Katas are cool!
Last night I did my first ever public performance of a Kata at an event for women in tech. Here are some things I learnt from the experience…
- Nerves make everything harder — I practiced this kata in front of my colleagues twice at work before the event. The first time I performed the kata my hands were shaking so badly that I could barely type. However, last night, although I was very nervous, my hands didn’t shake!
Moral of the story: If you are performing a kata and you can practice it in public beforehand then do it! It will be extremely helpful.
2. Kata confidence — I now feel comfortable with performing the Roman Numerals kata (in Ruby) and I have cut down my kata performance time from 27 minutes to about 11 minutes on average. Currently, my best time is 10 minutes and 30 seconds.

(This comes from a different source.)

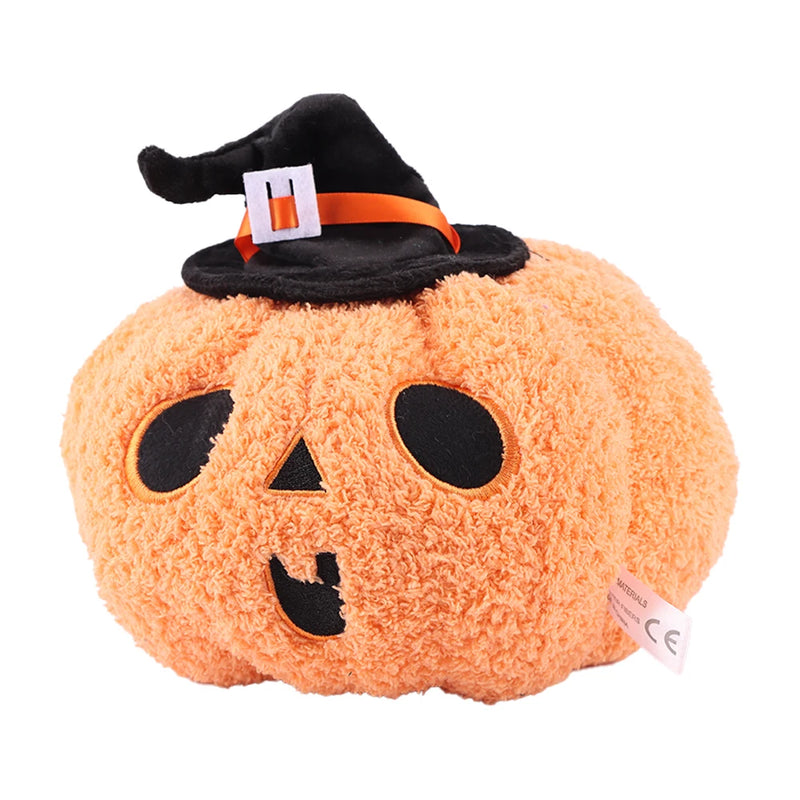 22cm Halloween Orange Witch Pumpkin Plush Toys Funny Pumpkin Fruit Vegetable Plush Toys Cute Stuffed Toys Halloween Gifts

Moral of the story: Practice makes perfect!
3. Pushing yourself outside of your comfort zone feels good! My mentors really encouraged me to do this event and had it not been for them, I don’t know if I would have felt ‘ready’ enough to willingly volunteer. However, I’m so glad I challenged myself and committed to doing the event.

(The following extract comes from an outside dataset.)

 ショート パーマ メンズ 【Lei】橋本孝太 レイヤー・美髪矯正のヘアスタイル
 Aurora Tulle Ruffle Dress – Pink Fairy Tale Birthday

Moral of the story: Just do it! Volunteer for something you normally wouldn’t feel confident enough to do. In the tech industry, imposter syndrome is almost a given. I’ve heard numerous accounts of people feeling like their coding level isn’t that good, even if they’ve been coding for years. So, the chances are that you will never feel 100 perfect confident about the way you code but that’s a good thing! It means you recognise that you always have something to learn and space to grow.
Push yourself out of your comfort zone and commit to a challenge then put in some time so you feel ready for when you have to see it through.
Were there things that I could improve on with regards my kata and my performance yesterday? Of course there were! There are always things that can be improved even though I had done the kata over 60 times.